Önümüzdeki günlerde planlarınızda bir televizyon projesi var mı?

- Planlama olarak bir proje var, ama şuan netleşmiş bir şey yok.

- Yine komedi ağırlıklı bir konusu mu olacak?

- Evet, bir şeyler düşünüyoruz.

Tiyatro Kılçık’ı nasıl kurdunuz?

- 2 yıl boyunca kafamda çok ciddi bir grup kurma hayali besliyordum. Kendi adıma çok eğlendiğim ve birçok arkadaşın ortak bir dil oluşturacağımızı, bunun da  ortak bir mizah anlayışı oluşturabileceğini düşünmüştüm. Kendine münhasır, bir absürde komediyi çok tercih etmiştim. O dönem Haldun Dormen’in asistanlığını yapıyordum. Haldun Dormen gelmiş geçmiş en büyük hocamdır ve çok yakın dostumdur. Hala çok sıkı görüşürüz. Haldun Hoca’dan müsaade isteyip, asistanlığı bıraktım. Kendi grubumu kurmak istediğimi söyledim. Her türlü konuda destek olduğunu söyledi. “Başkası olsa böyle bir şeye kalkışmaz, asistanlığa devam eder, ama sen kendi işini yapmak istiyorsun. Her zaman sana destek olacağım” dedi ve oldu.

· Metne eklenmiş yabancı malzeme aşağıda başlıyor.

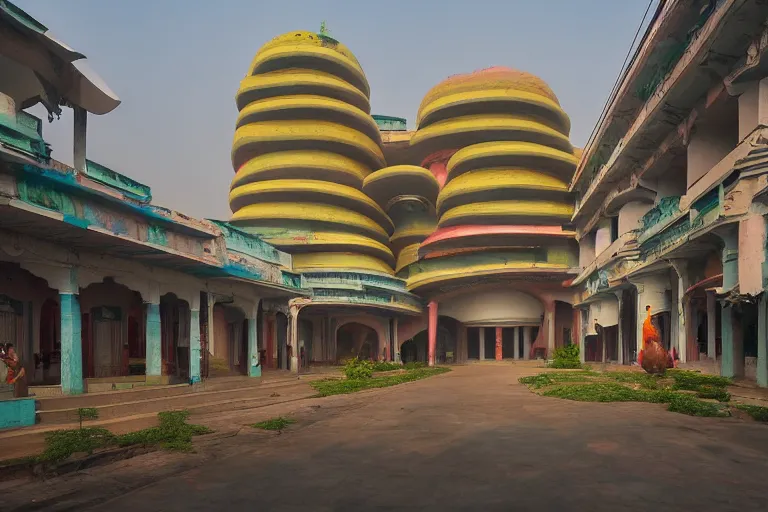 Prompt: beautiful dreamscape! biomorphic new delhi, hanuman!! head building, kalighat, octane sharp cinematic, stephen shore & john j. park, soft morning light, wide shot, high angle, uhd 8 k, shallow depth of field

Bu mizah anlayışına uygun arkadaşlarımla bir araya geldim. Bu isimlerin başında Ufuk Özkan, Demet Evgar, Orçun Kaptan’dı, sonra Şeyla Halis oldu, Mehmet Aslan ve Sinan Çalışkanoğlu oldu. bu arkadaşlarımızla bir araya gelip, kendi yazdığımız oyunları sahneye koyduk. Cafe Theater diye adlandırılan, o dönemin cafe barlarında, cafe tiyatrolarında oynamaya başladık. İlk amacımız, düzenli oynayalım ve bir grup kuralım değildi, bu anlayışı sahnede seyirciyle paylaşmaktı. Sonra çok güzel reaksiyon alıp, bu iş gerçekten iyi bir karşılık bulunca biz düzenli bir grup kurmaya ve devam etmeye karar verdik.

Peki, neden Kılçık?

- Ufuk Özkan’ın bir özelliği vardır; 10 tane isim söyler dokuzu çok kötüdür, biri çok iyidir (gülerek). İsim konusuyla ilgili sohbet ederken biz dedik ki “Çok aşırı bir iddia taşıyan, çok sanatsal bir isim kaygısı olmayan bir isim olsun, bize ne yakışır” Ufuk en son “Kılçık” dedi. hepimiz birbirime baktık, gülümsedik. İşin esprisi, dikkat çeken, takılan, ama rahatsız etmeyen anlamında, hoş bir espri olsun diye kullandık. Kılçık’ın hikayesi böyle başladı.

Yıllardır bu sektörün içerisindesiniz. Hikaye anlatmayı, yazmayı, seviyorsunuz anladığım kadarıyla. Daha çok hangi hikayelerin ilgi çekici olduğunu, sizinle özdeştiğini düşünüyorsunuz?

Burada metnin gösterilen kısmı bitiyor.